Fox Business Network and ABC first reported that Trump hired Marc Kasowitz, a New York-based trial lawyer known as a tenacious litigator, to represent him in a Justice Department investigation headed by former Federal Bureau of Investigation Director Robert Mueller.
The appointment of a private attorney may indicate that Trump is seriously considering the impact the federal investigation could have on him personally and that he may wish to protect himself should others in his administration turn against him.
The source said Kasowitz is expected to bring other lawyers on to work as a team to protect Trump.
Other candidates for the job, including Brendan Sullivan and Robert Giuffra, withdrew their names from consideration, the source said.
"He can be aggressive - he's got that in him for sure," said John Quinn of Quinn Emanuel Urquhart and Sullivan, who has worked with and opposite Kasowitz. "He also can be smooth as silk, respectful and deferential."
Kasowitz and the White House did not immediately respond to a request for comment from Reuters.
Kasowitz has represented Trump for more than 15 years but he is not known as a criminal defense lawyer. During last year's presidential campaign, Kasowitz threatened to sue the New York Times if it did not retract a story about women who accused Trump of touching them inappropriately. The Times did not retract the story.
He also assisted in the defense of fraud claims against Trump University, a series of real-estate seminars. After the election, Trump settled the claims for $25 million.
Trump has looked to Kasowitz's firm to fill positions in his administration. He has described former Senator Joseph Lieberman, a senior counsel at the firm, as a top candidate to serve as FBI director and is considering Edward McNally, a white-collar defense lawyer at the firm, as the next U.S. attorney in Manhattan.

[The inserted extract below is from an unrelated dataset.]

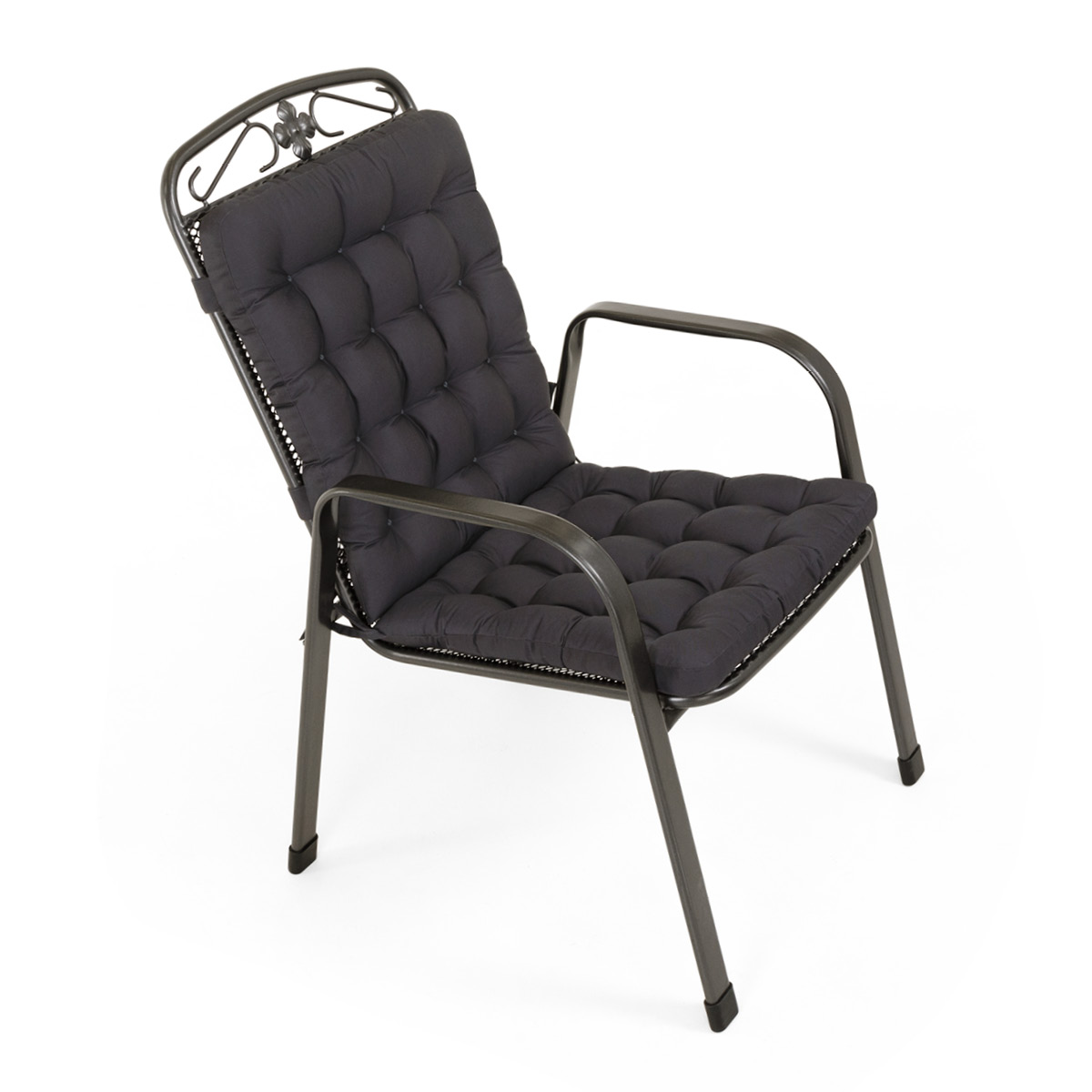 Sitzkissen mit Rückenlehne dunkelgrau | dicke Polsterung mit Schleifen und Bänder zur Befestigung an Gartenstuhl / Stapelstuhl | HAVE A SEAT Living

A former partner at the firm, David Friedman, was chosen by Trump as U.S. ambassador to Israel.
Kasowitz also represents OJSC Sberbank of Russia, the country's largest bank, which is being accused in a U.S. federal court of conspiring with granite company executives and others to raid the assets of a competitor.
The outside counsel would be separate from the White House Counsel's Office, led by Donald McGahn.
Mueller was appointed as special counsel by the Justice Department last week to investigate the Trump campaign's possible ties to Russia. Several congressional committees and the FBI are also investigating the matter.
U.S. intelligence agencies concluded in January that Moscow tried to sway the November vote in Trump's favor. Russia has denied involvement, and Trump has denied any collusion between his campaign and Russia.
Controversy has engulfed Trump since he fired FBI Director James Comey two weeks ago as Comey oversaw an investigation into possible collusion between his presidential campaign and Russia.